Monday, August 11, 2008

Department of Homeland Security Wants Your Laptop Info

Michael Chertoff - our failed Homeland Security chief - has made a rather extraordinary claim this week that should have all American's concerned. Chertoff actually said that border agents have the right, for any reason they deem appropriate, to look into or even seize your laptop computer and all that it contains within. But that's not all, he also argued against creating a legal standard for searching Americans' electronics since it would "just lead to too much litigation."

So for those following this ominous turn of events, for ANY reason, YOUR laptop and everything you have stored on it, can be taken from you by the government...the same government responsible for Abu Graihb, Rendition, Guantanamo, warrantless wiretapping, military tribunals, the Patriot Act, and the evisceration of Habeus Corpus.

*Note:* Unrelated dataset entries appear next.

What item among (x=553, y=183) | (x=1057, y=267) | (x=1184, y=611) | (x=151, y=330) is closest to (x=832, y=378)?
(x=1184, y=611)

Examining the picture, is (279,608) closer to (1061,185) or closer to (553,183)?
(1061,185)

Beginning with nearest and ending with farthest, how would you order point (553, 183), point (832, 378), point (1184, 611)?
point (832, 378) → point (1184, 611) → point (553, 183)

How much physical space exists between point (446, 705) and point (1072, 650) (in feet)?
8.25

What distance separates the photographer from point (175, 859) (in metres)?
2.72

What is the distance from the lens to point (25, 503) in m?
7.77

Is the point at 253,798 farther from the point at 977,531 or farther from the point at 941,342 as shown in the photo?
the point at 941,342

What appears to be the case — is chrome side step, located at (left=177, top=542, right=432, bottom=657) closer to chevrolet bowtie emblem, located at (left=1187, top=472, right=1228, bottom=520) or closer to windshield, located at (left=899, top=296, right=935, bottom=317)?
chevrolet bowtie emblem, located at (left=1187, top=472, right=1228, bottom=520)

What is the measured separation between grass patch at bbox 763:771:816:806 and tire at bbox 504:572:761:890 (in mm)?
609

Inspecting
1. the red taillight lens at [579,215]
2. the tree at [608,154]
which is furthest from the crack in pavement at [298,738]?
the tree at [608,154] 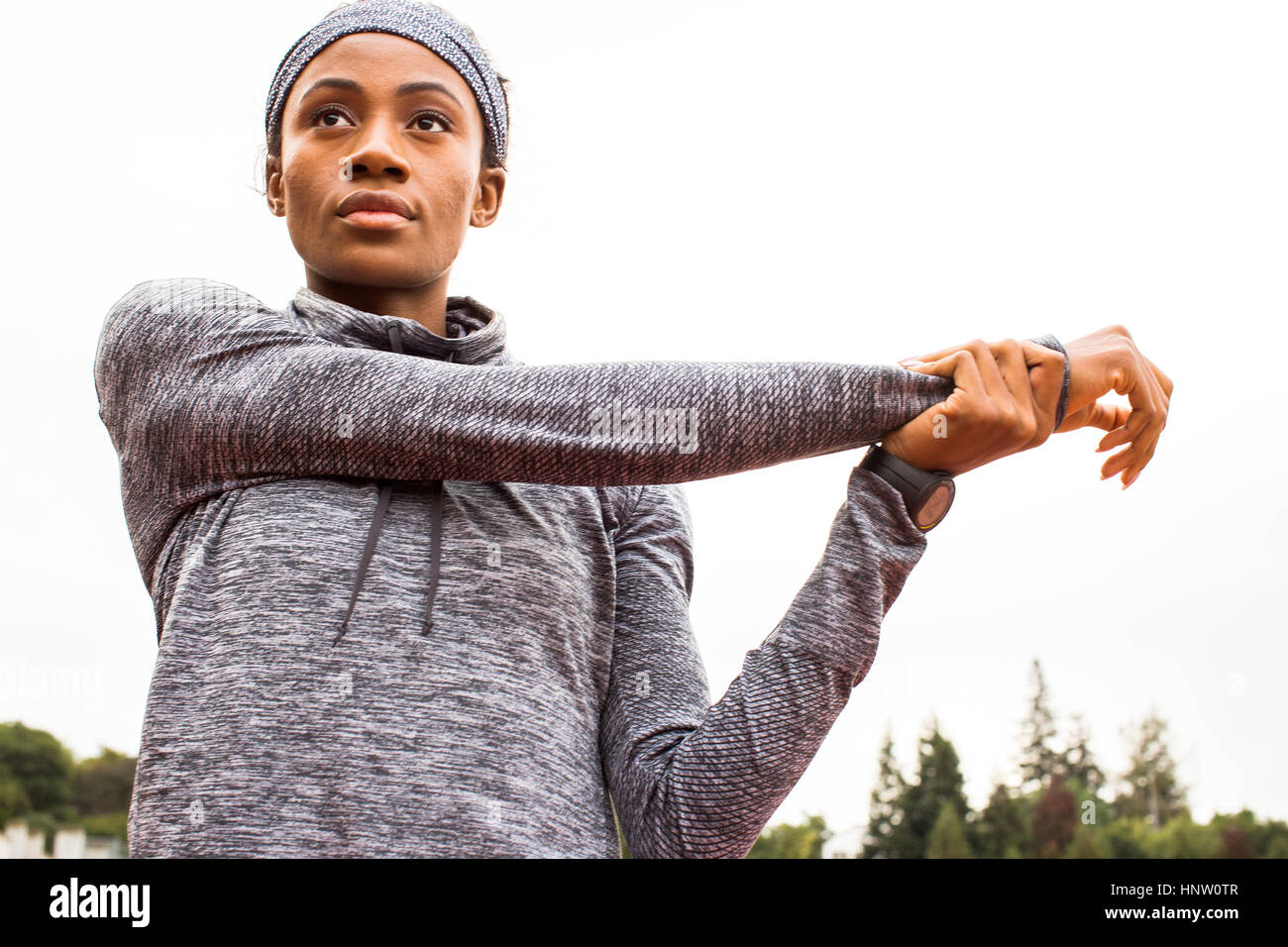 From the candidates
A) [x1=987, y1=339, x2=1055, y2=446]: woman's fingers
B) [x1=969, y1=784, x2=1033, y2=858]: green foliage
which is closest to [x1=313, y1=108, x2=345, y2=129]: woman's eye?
[x1=987, y1=339, x2=1055, y2=446]: woman's fingers

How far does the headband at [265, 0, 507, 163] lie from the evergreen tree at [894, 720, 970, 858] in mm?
67364

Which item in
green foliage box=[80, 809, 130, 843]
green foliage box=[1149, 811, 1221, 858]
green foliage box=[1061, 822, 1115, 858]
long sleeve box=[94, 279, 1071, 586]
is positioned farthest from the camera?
green foliage box=[80, 809, 130, 843]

Senator Russ Feingold, the ONLY US Senator to vote against the Patriot Act, and the most consistent and committed privacy champion we have in Congress today, has already come out with a blistering critique of Chertoff's assertions.

Wired Magazine Reports:

Democratic Sen. Russ Feingold opposes border agents searching through Americans' laptops without cause, and he doesn't like how Homeland Security Chief Michael Chertoff articulated the government's current policy...


Feingold, an outspoken civil libertarian -- the only senator to vote against the Patriot Act -- begs to differ.

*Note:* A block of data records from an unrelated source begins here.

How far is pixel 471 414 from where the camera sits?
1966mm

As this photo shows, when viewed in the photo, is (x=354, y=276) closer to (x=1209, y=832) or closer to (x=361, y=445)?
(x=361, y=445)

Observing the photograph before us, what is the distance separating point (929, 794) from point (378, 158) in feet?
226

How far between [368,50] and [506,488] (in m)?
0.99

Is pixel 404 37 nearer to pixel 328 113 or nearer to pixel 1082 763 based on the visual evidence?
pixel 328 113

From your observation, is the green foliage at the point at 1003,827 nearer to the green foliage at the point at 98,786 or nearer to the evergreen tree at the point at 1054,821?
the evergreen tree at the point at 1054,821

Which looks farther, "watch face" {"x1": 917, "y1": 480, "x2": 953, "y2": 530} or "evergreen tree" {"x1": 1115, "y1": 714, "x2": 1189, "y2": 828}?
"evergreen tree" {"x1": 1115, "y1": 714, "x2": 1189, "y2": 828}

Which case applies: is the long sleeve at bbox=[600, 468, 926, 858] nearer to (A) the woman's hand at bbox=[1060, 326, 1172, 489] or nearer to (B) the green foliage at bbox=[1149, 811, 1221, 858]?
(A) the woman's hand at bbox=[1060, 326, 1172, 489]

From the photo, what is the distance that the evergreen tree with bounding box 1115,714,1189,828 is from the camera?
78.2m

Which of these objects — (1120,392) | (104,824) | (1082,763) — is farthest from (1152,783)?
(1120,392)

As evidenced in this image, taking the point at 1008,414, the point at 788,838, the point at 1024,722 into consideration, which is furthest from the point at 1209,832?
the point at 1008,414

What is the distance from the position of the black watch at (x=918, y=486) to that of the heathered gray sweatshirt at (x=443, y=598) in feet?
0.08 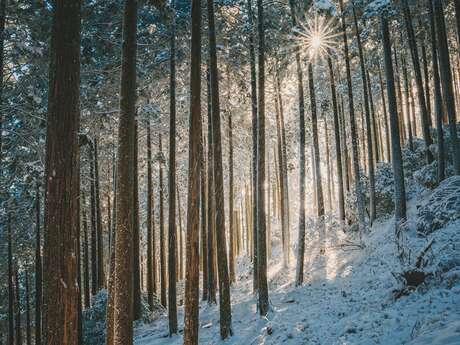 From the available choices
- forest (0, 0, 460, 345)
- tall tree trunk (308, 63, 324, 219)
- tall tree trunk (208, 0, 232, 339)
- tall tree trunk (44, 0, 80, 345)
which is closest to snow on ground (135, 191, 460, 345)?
forest (0, 0, 460, 345)

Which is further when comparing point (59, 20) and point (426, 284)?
point (426, 284)

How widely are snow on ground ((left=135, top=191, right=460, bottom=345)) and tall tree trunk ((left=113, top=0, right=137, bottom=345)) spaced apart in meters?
4.57

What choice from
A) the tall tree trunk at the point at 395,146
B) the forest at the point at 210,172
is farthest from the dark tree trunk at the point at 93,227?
the tall tree trunk at the point at 395,146

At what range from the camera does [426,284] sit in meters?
7.17

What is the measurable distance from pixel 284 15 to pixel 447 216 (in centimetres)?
1028

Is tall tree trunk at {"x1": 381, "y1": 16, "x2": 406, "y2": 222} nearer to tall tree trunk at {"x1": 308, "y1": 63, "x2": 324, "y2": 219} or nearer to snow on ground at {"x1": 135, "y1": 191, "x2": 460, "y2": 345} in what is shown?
snow on ground at {"x1": 135, "y1": 191, "x2": 460, "y2": 345}

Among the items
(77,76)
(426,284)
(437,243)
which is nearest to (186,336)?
(426,284)

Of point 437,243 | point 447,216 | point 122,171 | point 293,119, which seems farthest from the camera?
point 293,119

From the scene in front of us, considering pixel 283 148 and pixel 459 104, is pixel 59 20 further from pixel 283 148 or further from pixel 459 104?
pixel 459 104

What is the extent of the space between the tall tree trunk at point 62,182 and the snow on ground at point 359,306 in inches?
195

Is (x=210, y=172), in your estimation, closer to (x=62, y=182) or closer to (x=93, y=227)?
(x=93, y=227)

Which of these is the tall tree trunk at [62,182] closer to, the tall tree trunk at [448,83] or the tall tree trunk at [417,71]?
the tall tree trunk at [448,83]

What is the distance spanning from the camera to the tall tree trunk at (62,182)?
145 inches

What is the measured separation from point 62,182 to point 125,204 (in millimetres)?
1903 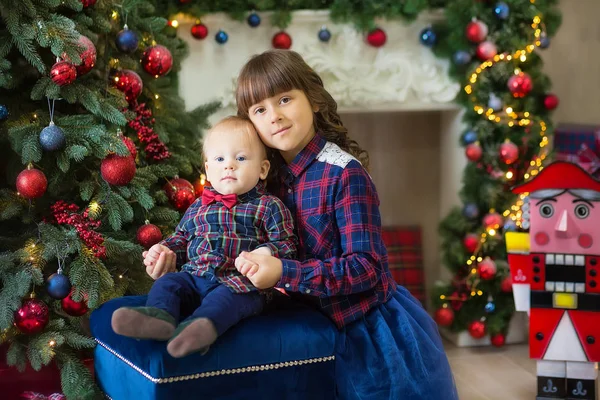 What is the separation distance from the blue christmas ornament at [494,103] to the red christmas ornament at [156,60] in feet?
4.99

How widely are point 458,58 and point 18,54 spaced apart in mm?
1934

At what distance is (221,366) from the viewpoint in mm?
1753

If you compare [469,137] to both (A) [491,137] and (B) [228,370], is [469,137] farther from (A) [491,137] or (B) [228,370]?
(B) [228,370]

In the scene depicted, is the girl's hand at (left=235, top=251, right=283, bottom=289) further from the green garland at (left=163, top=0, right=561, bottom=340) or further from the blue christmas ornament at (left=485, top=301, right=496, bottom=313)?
the blue christmas ornament at (left=485, top=301, right=496, bottom=313)

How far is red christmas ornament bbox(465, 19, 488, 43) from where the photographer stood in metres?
3.49

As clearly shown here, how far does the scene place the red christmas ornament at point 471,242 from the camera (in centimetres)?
361

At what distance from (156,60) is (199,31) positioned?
55 centimetres

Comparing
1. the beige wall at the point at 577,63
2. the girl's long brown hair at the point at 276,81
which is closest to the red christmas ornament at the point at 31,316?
the girl's long brown hair at the point at 276,81

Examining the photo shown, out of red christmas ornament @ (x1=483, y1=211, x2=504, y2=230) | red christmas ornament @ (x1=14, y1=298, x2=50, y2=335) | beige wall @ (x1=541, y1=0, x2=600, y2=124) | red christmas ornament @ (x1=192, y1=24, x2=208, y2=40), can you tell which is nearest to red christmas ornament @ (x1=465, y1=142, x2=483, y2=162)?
red christmas ornament @ (x1=483, y1=211, x2=504, y2=230)

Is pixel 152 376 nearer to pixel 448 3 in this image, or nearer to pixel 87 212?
pixel 87 212

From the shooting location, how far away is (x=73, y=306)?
2490 millimetres

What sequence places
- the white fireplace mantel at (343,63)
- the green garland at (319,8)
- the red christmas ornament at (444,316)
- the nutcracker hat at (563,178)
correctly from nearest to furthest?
the nutcracker hat at (563,178), the green garland at (319,8), the white fireplace mantel at (343,63), the red christmas ornament at (444,316)

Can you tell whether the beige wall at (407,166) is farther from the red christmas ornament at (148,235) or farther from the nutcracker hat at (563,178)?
the red christmas ornament at (148,235)

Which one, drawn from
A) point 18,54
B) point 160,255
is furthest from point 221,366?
point 18,54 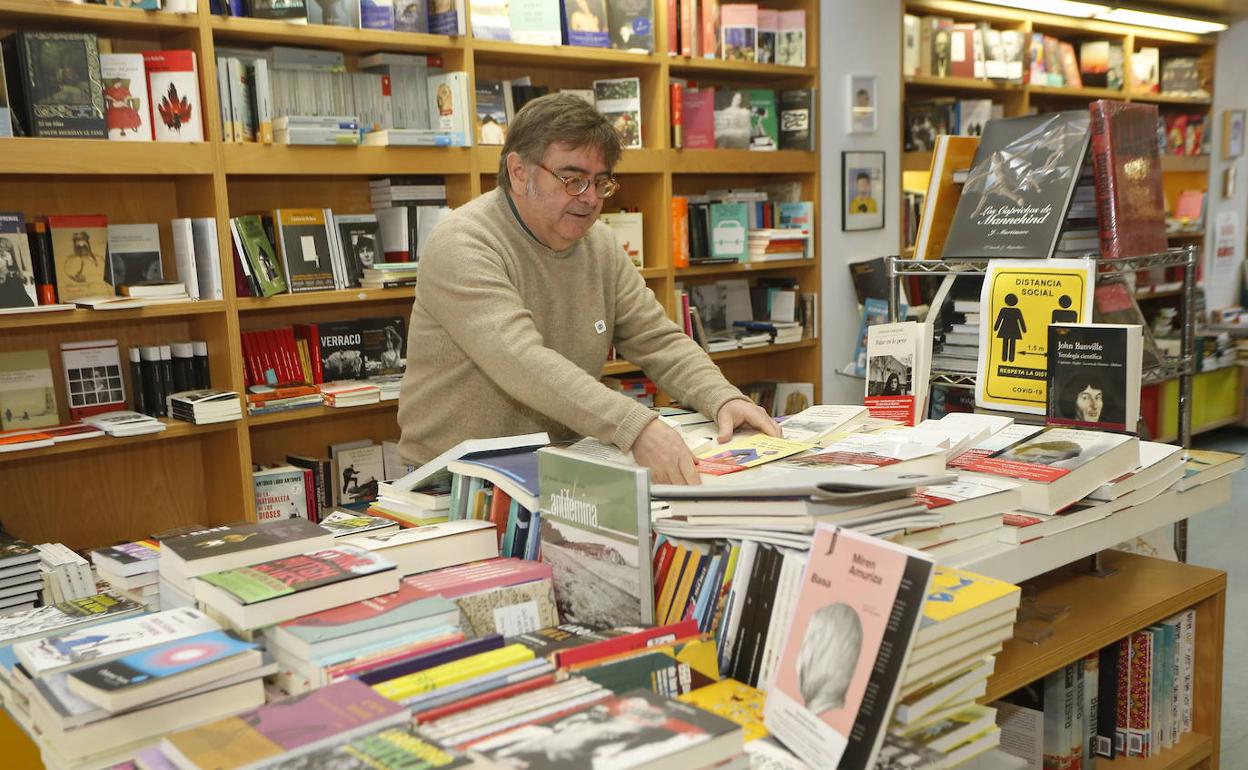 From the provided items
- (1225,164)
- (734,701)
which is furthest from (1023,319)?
(1225,164)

Secretary Chertoff's description of the newly published DHS policy on laptop searches was not just misleading – it was flat-out wrong. In an interview with, the Secretary stated that "[w]e only do [laptop searches] when we put you into secondary [screening] and we only put you into secondary [screening] ... when there is a reason to suspect something."

But the actual policy that DHS published says the exact opposite. It does not even mention secondary screening, let alone limit laptop searches to those cases, and it expressly states that Americans' laptops may be searched "absent individualized suspicion."

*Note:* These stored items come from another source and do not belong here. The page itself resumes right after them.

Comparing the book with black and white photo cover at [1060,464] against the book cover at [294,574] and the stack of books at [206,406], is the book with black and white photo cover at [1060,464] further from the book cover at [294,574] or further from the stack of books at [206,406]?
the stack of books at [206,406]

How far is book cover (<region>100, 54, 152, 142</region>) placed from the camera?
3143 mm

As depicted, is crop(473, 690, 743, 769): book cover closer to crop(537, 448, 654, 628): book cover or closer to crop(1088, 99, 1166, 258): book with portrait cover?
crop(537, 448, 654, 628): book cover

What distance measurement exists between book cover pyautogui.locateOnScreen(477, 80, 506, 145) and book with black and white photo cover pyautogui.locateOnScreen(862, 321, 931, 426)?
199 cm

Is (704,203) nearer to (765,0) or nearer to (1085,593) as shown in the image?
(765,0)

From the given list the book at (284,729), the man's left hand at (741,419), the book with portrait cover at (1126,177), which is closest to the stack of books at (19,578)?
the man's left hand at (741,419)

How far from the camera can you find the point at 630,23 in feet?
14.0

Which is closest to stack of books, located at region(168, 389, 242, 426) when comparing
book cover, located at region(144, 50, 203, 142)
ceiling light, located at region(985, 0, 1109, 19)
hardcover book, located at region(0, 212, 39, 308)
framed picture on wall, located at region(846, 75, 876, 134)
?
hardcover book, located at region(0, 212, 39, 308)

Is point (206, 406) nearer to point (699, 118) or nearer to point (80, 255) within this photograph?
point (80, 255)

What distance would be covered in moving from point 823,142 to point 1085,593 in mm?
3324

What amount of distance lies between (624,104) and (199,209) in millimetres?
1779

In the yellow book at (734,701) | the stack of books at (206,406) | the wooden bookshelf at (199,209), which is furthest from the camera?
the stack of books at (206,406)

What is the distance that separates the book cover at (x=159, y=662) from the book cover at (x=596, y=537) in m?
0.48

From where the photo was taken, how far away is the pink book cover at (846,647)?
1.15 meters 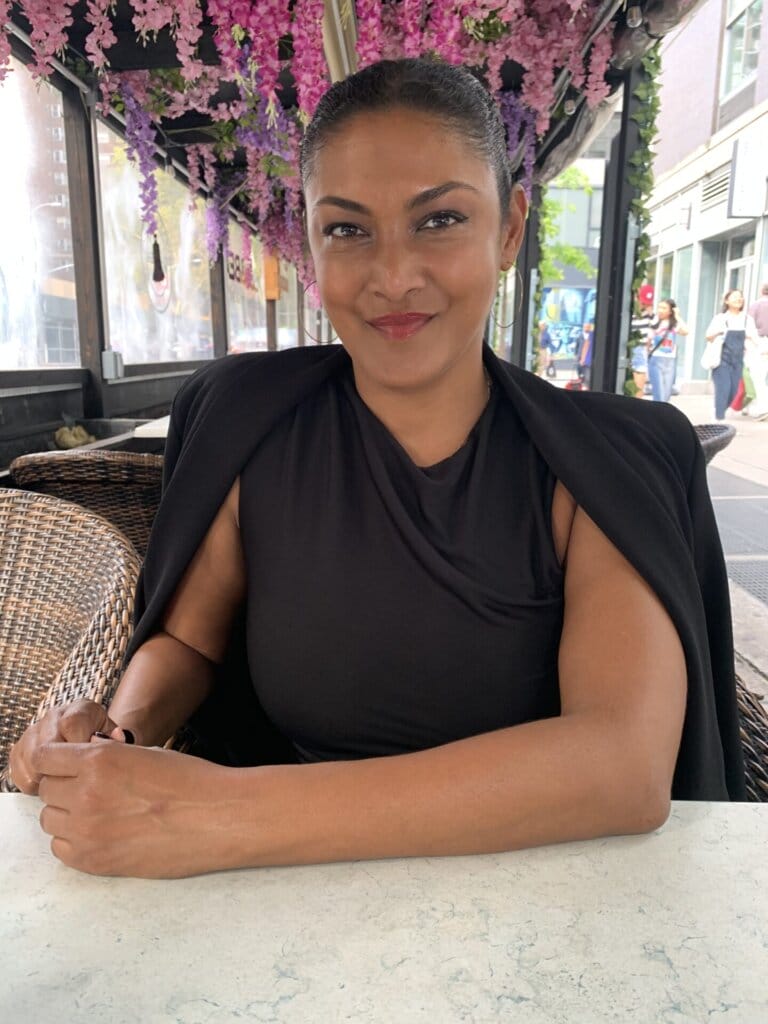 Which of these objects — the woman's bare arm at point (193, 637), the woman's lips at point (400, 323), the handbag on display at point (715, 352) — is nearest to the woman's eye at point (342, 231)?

Secretary Chertoff's blatant mischaracterization of the DHS policy contradicts his claim to be engaging in greater "openness and transparency" on this important issue. His statements make it clearer than ever that as we work to protect our national security, Congress must also act to protect law-abiding Americans against highly intrusive searches.

The bad news is that the 9th U.S. Circuit Court of Appeals, considered the most liberal of the appeals circuit, ruled in May that border agents did not need any reason to look through a laptop, reversing a lower court that decided that laptops were closer to extensions of ourselves than the modern analogue of a suitcase.

I also came across a doctor's post on this recent pronouncement by the DHS, in particular how it might conflict with HIPAA (the Health Insurance Portability and Accountability Act) - the law that governs the privacy of your medical information.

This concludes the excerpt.